BatasNegeri – Dewan Pimpinan Daerah (DPD) Komite Peduli Lingkungan Hidup Indonesia (KPLHI) Provinsi Kepulauan Riau (Kepri), dalam tinjauan ilmiahnya, menilai pengembangan wisata pulau terluar, Pulau Putri, memiliki dampak luas yang diprediksi akan berdampak buruk bagi lingkungan.
Dalam tinjauan tersebut, KPLHI merujuk sebagian kepada jurnal “Perubahan Garis Pantai Pulau Putri-Kota Batam dengan Menggunakan Data Citra Satelit Tahun 2000-2016” oleh peneliti dari Pusat Penelitian dan Pengembangan Teknologi Minyak dan Gas Bumi (PPPGK dan Lemigas).
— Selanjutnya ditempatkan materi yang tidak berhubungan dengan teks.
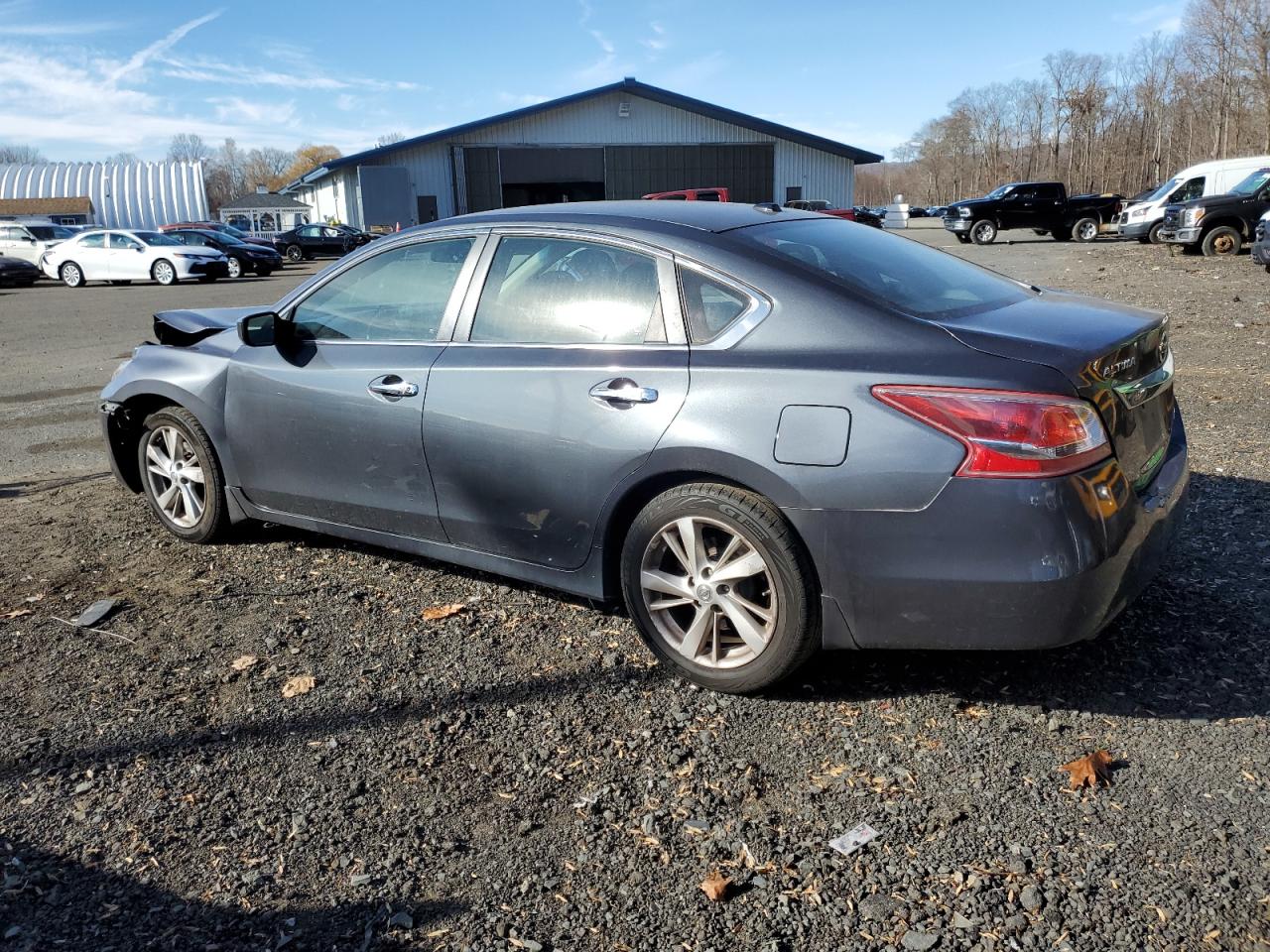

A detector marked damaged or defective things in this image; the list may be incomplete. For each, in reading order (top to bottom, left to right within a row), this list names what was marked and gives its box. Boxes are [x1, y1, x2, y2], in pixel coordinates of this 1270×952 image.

Hasil penelitian PPPGK dan Lemigas tersebut menjelaskan, Pulau Putri merupakan nama lain dari Pulau Nongsa yang telah diverifikasi sebagai toponimi pulau dengan pantai pasir putih landai yang ditumbuhi cemara, kelapa, dan rumput.
Pulau Putri juga merupakan salah satu yang tergolong pulau terluar, terletak di antara Provinsi Kepulauan Riau dengan Provinsi Kalimantan Barat, yang secara administrasi masuk dalam bagian utara Kota Batam.
Selanjutnya, rujukan KPLHI kepada pemberitaan Kompas tahun 2007 menunjukkan, adanya penambahan luas Singapura hingga 774 kilometer persegi, sedangkan pulau kecil terluar di Indonesia tercatat telah tenggelam sekitar 405.000 hektare dan menenggelamkan 8 dari 92 pulau-pulau kecil terluar di perairan Indonesia.
Hal ini berpengaruh terhadap kedaulatan NKRI, karena terjadi pengurangan wilayah pulau terluar, baik secara disengaja oleh manusia maupun abrasi.
Pulau Putri menjadi salah satu pulau yang dipandang rawan mengalami kehilangan wilayahnya. Oleh karena itu, sejak 2017, Pulau Putri telah diprogram untuk direklamasi oleh Pemerintah Kota Batam, guna pengembangan pariwisata, dan telah terlaksana hingga kini.
Dari program tersebut, KPLHI Kepri memandang bahwa reklamasi pengembangan pariwisata yang dilakukan Pemkot Batam perlu ditinjau kembali. Hal ini dijelaskan oleh Ketua DPD KPLHI Kepri, Evi Yuliana.
“Pantai oke diamankan, namun untuk pengembangan wisata komersil kami tidak sepakat,” ujar Evi kepada kepripedia, Minggu (17/2/2019).
Berdasarkan jurnal ilmiah, KPLHI yang juga merupakan anggota Tim Koordinasi Pengelolaan Sumber Daya Air pada tingkat Wilayah Sungai (TKPSDA WS) Kepulauan Riau menyatakan, mendukung adanya pengamanan pantai guna mencegah batas kontinen Pulau Putri dari tahun ke tahun.
Namun untuk dikembangkan sebagai pulau wisata, pihak KPLHI Kepri memiliki beberapa alasan dengan landasan Analisis Mengenai Dampak Lingkungan (AMDAL).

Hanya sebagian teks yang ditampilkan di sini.